四季詩集(3)
大木実『屋根』
日暮らしのつとめに疲れ
帰っていくわたしを待つものは母ではなかった
ひとつの部屋であり
暗くなれば点るあかりであった
冒頭から親近感を覚えるような言葉で始まります。会社勤めの独り暮らしで、誰もいない部屋に帰っていく景色は、現代人にとって容易に想像がつきます。日暮らしのつとめに疲れという言葉に共感するひとは沢山いるでしょう。しかし、この詩はもっと深い孤独を詩っています。
この詩には「28歳になった自分」「母がいないこと」が記されています。そして何事もなく過ぎていった28年を振り返り、寂しい暮らしだったことが書かれています。部屋が待っているという表現は孤独を感じさせる一方で、部屋を暗くなれば点る明かりとして捉え、希望のように表現しています。それは、辛く寂しい青年期を乗り越えたというよりは、歳を重ねる毎に孤独に慣れてしまったという状況でしょうか。決して人間関係に対する辛さではなく、孤独そのものに対する辛さを過去のものとして表現し、「部屋」という明かりに包まれた空間が母のように親密にある印象です。
わたしはいつからか
わたしの暮らしのうえにある
屋根というものに深い信頼を寄せはじめていた。
雨や風から守るように在る屋根が、信頼できる”ひと”のように表現されていて、孤独感に始まった詩でありながら、絶望に終わることのない不思議な詩です。仕事に疲れた自分を受け入れてくれる部屋と、外界から守ってくれる屋根が、母のような優しい存在に思えたのでしょう。
木村宙平『富士に』
いや富士はもっと神秘な逈かさにみえる
極光だとか蜃気楼だとか
そんな観念に通うように
僕はいま空虚なのだ
富士山に語り掛けるように書かれた詩で、富士山と対峙した視点で一貫しています。朝日が薄赤く射しかかり、泡のように消えていく月と、麓に広がる緑が色彩を強める景色に、神秘性を感じたような表現がされています。空虚な自分とは、熱い思いが消えてしまった心静かな自分であり、そんな自分と対比されるような景色から何かを感じ取ろうとしているようです。
あなたの項に
ひとつぽっつり雲の子が現れて
おおぜい仲間達を呼びあつめて
手をつないであなたの周りに
踊り始めるのを待っていよう
あるいは”雲の子”が自分の投影であれば、仲間と過ごしていた過去を懐かしむ懐古の詩ともいえるかもしれません。
阪本越郎『雨の昼』
雨がつくった水溜に青草が映って
銀の糸がまだ透明な輪をひいている
雨上がりの昼にきらきらと光る蜘蛛の巣や、鏡体のように現れた水溜が晴れ晴れしい印象を与えます。外に在るあらゆるものが雨に濡れて、まるで新しいものに姿を変えたかのような不思議な感情があります。
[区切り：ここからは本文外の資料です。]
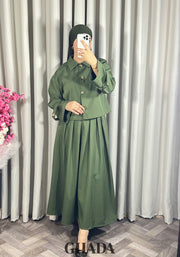 Ensemble veste t jupe vert kaki
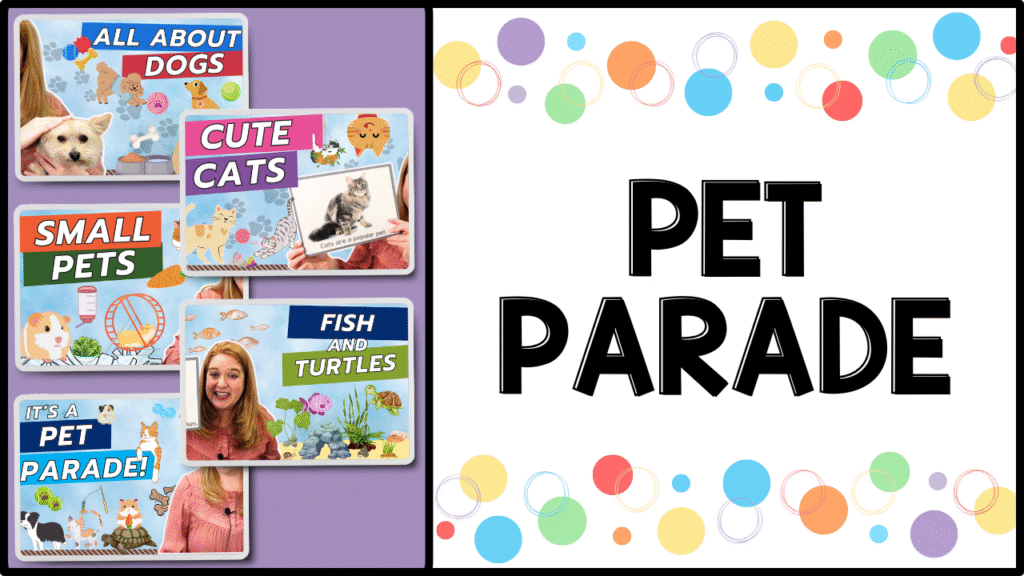 Pets free preschool video lessons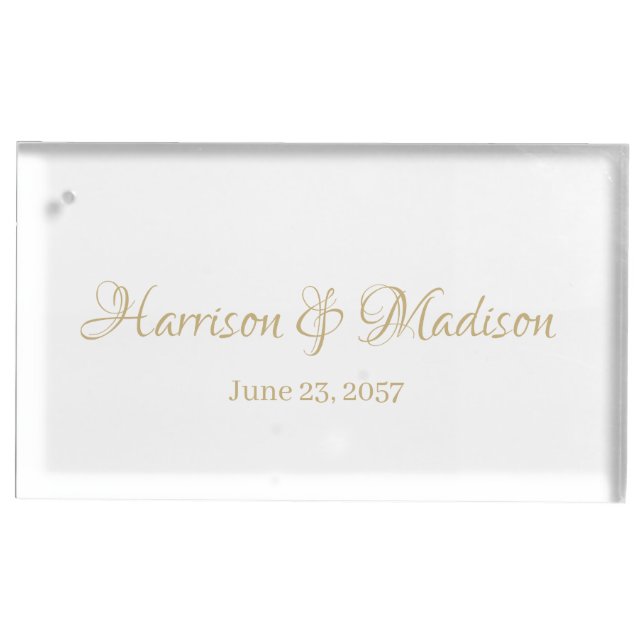 Personalized Custom Couple Name and Date Wedding Place Card Holder (Front)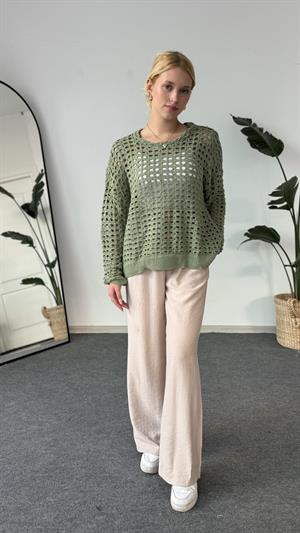 Delikli Örme Kazak Yeşil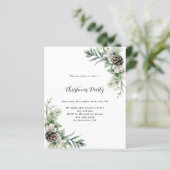 Pine cones groene kerstfeest uitnodiging (Staand voorkant)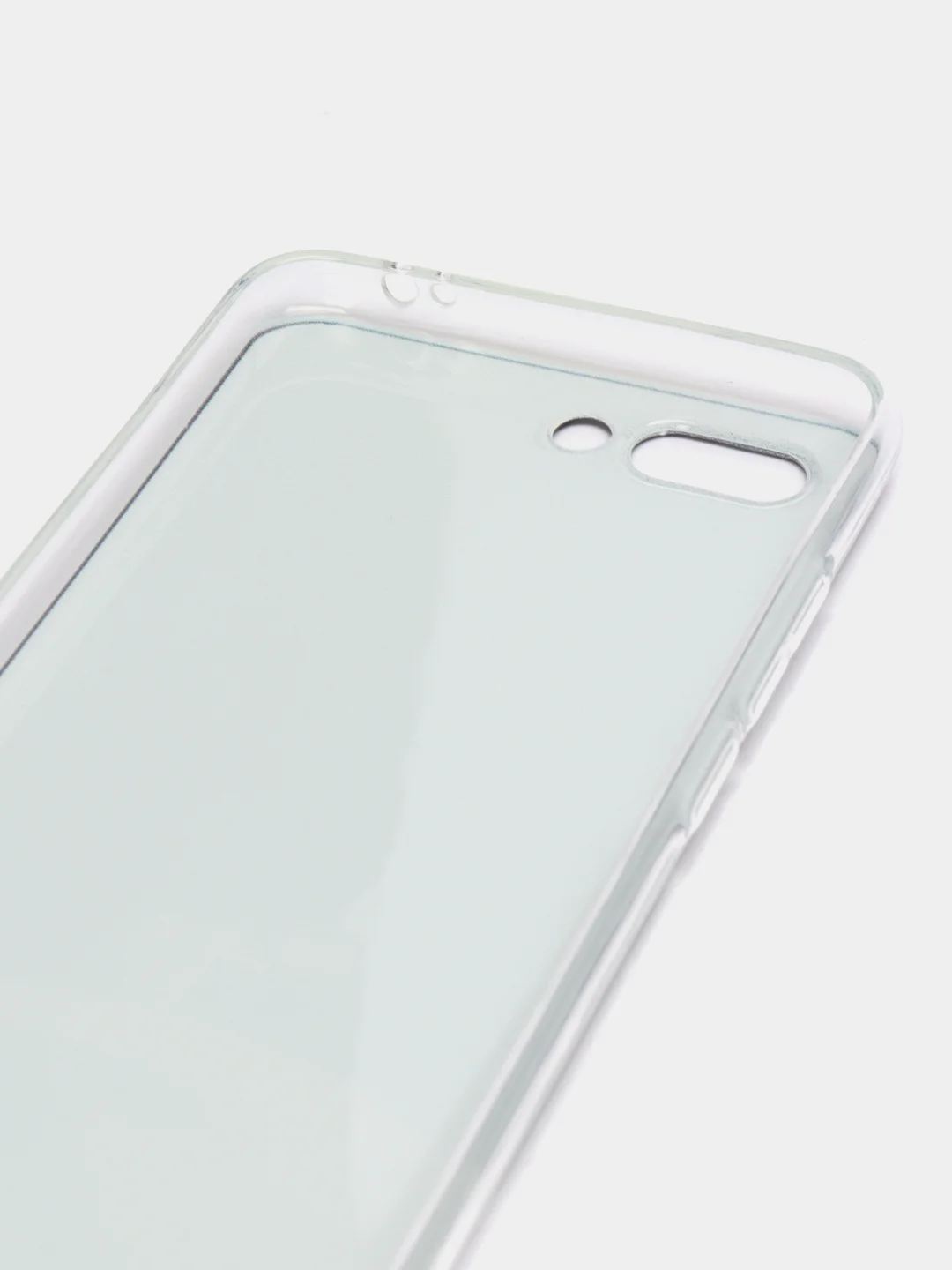Серебряный силиконовый чехол на Honor 10 / Хонор 10 прозрачный, с рисунком, защита камеры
雨の間、家の中でしのいでいると、いつか晴れ間がのぞきます。外へ出ると雨に滴る景色が広がり、虹が架かっていたりして、夢の世界のような印象を覚えます。
ああこんな昼日中が私を過ぎるのを
そこにやさしくみつめているのはだれですか
散乱光に包まれて幻想的な昼が過ぎていく様子が詩われています。みつめているのはだれですかとは、作者にとっての大切な人を指しているのでしょう。その相手と一緒にいるのか、離れているのか分かりませんが、夢の間にも会いたいひとなのでしょうか。
阪本越郎『人生』
なべて思い出の象嵌されし……
わが手をとりて泣きしひとを 母といい
こまやかに笑みけるひとを 友と呼ぶ
かくて日も処も朧めく霞の網
例えば四半世紀を越えて30代にさしかかり、人生を振り返ると確かに様々な出会いがあったでしょう。身近なひととの思い出を振り返ると、懐かしむ一方で不確かな記憶もあることに気づきます。社会の喧騒にまみれて、かつての思い出の言葉が消えつつあることに悲しみを感じます。
……なかばはけむる思い出の
うたてしや なかばは灰となり果つる
しかし今に留まることは出来ず、庭の月光の景に過去を投影するように懐かしむ、記憶の儚さが詩われているようです。
終わりに
『屋根』は日常のなかで感じたことを詩的表現に落とし込んでいて、屋根や部屋と自分との関係性の変化が、まるで人間関係を見ているようでした。
『富士に』『雨の昼』は景色が印象的に描かれていていました。ある景色に対して想像を膨らませて抒情的に表現されています。
『人生』は自分の記憶を見つめた詩で、過去を懐かしむ気持ちと、未来に進まなければならないという葛藤がひしひしと伝わってきます。
今回は、自分を人生を振り返るような内容の詩が印象的でした。
余談
以外と多くの方に読んで頂けて嬉しいです。ありがとうございます。